The difficulty comes in the sheer volume of stuff that has to be modelled by the simulation: lots of actors and of variables, usually without the requisite time, space or number of players to make it work.
So what to do?
There are a number of ways to address this, each with merits and shortcomings.
The first way is just to pitch in and try to model it all: certainly that’s what sims like Statecraft try to do (it’s also my approach here). You take the chance that you cover all the key variables, you plonk the players in some initial condition and then let them go. As I’ve noted with my game, the breadth of possibilities is both a blessing and a curse: players can do a huge range of things, but this also often inhibits them as they get cramped by indecision. Moreover, it’s possible to get too hung up on the range of variables: what goes in, what stays out, how do they interact with each other? In short, you can do it, but it’s easy to end up with either a very, very complicated game or one that produces some perverse incentives.
The second way is to break down the big thing into some smaller things. For an international system, you might create a world of actors, who then meet in some specific locations (a UN meeting, a security challenge, regional cooperation, etc.) that can be simulated more easily. For comparativists, you might get actors contesting an election, then forming a government, then falling into (and out of) civil war. The appreciation of the larger picture then emerges from the shadow of the past games (and the shadow of the future ones, if you tell students what’s coming), and the reflection about how that shapes action. The tricky part of this is creating a situation where those different elements hang together in a sensible way: this might well be a case of having to try to build up the sims over a number of iterations.
The third way is a more networked approach. I wrote about this a couple of years ago, suggesting a set of legislative documents that different institutions could pick up and advance through a full legislative process. This would let everyone focus on a specific element, while also gaining a sense of a bigger picture/process. The detailing could be very impressive, but the downside is the one that should be evident: namely, it’s a very complicated thing to create and maintain (which is the major reason I never got around to trying to make it happen).
The final way is go go down the stylised route and produce games that capture the spirit, without all the detail (like this). This is certainly the simplest to run and manage, but one necessarily loses the specifics.
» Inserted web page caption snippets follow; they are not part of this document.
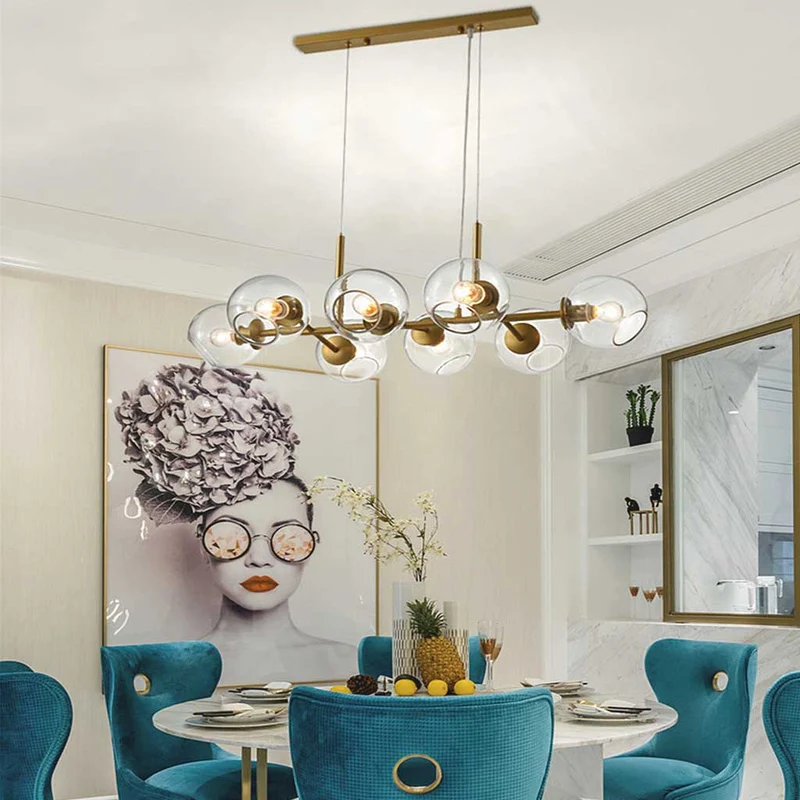 Pendant Chandelier Gold Iron Linear Glass Bubble, Nordic Style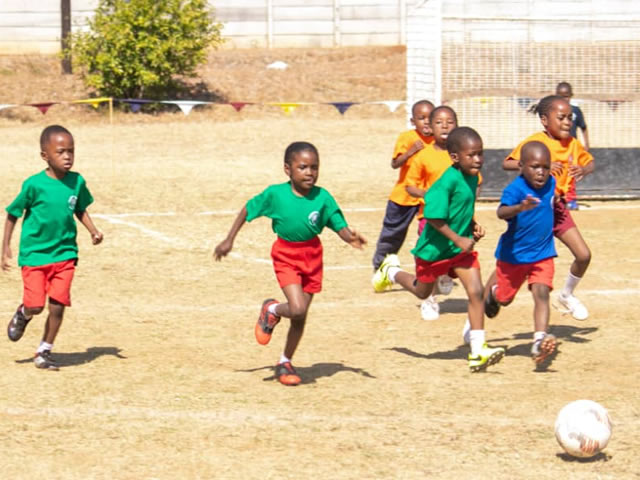 soccer on sports day at centenary primary school bulawayo zimbabwe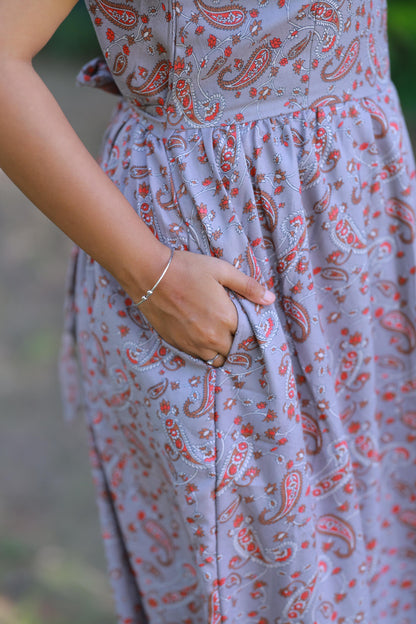 Greay with Brown and Red Floral design Alphine Center zip Frock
It’s also worth saying that it’s often quite tricky to capture the key mechanism, not least because it’s often a normative choice about what you think is important to capture: One can say that the European Parliament is about how committees dominate procedure, rather than about how transnational groups form, depending on what you want to tell students.
As always, there’s no right answer in all of this, but as you approach the bigger things, it’s really worth spending some time thinking about how you tackle them.